Problem to solve: Give back exactly the lines of the material below that start at the line containing "Photo of the" and end at the line containing "SerrieraにあるHotel Stella Marinaのベッドルーム1室(ベッド1台、テーブル、デスク付)", and no others.

Available data:

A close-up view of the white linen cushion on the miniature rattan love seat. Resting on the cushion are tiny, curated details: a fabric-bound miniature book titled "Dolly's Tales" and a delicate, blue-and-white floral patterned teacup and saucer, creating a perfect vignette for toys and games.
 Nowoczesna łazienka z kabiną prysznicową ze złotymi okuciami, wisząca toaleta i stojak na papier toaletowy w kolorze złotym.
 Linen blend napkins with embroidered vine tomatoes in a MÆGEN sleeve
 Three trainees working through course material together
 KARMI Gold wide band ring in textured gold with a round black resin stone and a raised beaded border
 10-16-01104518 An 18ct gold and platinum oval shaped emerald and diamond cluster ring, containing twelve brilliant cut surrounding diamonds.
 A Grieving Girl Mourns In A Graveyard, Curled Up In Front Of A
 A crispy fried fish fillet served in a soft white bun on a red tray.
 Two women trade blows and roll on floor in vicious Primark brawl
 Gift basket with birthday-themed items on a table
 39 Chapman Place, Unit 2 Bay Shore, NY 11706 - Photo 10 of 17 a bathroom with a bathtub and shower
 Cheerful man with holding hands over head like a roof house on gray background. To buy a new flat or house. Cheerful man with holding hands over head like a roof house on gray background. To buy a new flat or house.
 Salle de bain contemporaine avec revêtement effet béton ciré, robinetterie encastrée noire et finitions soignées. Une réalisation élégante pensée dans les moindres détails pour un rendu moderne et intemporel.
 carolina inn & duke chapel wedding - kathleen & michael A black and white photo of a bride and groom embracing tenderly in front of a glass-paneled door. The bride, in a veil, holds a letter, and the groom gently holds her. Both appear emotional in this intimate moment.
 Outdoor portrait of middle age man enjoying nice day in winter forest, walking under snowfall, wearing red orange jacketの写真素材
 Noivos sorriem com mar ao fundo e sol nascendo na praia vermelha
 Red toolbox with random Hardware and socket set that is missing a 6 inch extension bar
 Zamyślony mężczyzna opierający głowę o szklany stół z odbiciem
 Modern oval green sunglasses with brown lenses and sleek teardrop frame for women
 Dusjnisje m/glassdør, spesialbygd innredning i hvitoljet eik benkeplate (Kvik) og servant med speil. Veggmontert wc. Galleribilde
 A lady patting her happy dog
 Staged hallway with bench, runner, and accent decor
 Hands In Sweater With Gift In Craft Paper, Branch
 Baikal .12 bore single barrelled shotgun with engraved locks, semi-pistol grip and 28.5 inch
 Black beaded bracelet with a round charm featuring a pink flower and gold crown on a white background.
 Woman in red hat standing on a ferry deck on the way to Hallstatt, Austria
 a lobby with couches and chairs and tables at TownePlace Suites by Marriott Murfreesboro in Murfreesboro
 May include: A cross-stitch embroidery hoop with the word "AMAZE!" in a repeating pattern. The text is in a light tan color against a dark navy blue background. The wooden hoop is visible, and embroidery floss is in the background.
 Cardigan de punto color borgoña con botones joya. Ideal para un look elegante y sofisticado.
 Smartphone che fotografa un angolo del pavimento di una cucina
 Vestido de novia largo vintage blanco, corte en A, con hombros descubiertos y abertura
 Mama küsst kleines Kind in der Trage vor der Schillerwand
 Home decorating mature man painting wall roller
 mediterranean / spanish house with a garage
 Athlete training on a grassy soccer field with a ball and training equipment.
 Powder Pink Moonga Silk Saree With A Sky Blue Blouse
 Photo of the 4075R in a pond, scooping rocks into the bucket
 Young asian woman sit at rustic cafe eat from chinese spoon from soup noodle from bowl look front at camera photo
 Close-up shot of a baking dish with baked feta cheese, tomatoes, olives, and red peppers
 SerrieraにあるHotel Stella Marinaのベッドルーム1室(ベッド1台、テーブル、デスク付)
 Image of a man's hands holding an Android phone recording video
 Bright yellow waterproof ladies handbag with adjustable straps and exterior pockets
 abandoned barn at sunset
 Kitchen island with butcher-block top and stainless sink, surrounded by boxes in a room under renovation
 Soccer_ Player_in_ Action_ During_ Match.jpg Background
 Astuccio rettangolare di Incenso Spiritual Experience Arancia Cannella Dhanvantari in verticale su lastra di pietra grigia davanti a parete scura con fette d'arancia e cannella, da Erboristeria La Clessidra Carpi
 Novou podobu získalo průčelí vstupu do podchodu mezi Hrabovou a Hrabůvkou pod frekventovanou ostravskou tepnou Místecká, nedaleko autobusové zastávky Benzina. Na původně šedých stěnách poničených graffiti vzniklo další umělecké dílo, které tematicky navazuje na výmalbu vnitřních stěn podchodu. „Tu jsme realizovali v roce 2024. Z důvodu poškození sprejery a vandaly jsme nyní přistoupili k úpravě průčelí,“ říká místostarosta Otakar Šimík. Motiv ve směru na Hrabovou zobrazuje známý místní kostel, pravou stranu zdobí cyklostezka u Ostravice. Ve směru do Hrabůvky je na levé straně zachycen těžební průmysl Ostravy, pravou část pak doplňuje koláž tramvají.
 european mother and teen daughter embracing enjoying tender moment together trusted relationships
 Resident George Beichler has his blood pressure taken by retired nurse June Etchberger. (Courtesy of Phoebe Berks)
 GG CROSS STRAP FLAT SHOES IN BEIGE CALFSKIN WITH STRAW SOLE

Task solution:
 Photo of the 4075R in a pond, scooping rocks into the bucket
 Young asian woman sit at rustic cafe eat from chinese spoon from soup noodle from bowl look front at camera photo
 Close-up shot of a baking dish with baked feta cheese, tomatoes, olives, and red peppers
 SerrieraにあるHotel Stella Marinaのベッドルーム1室(ベッド1台、テーブル、デスク付)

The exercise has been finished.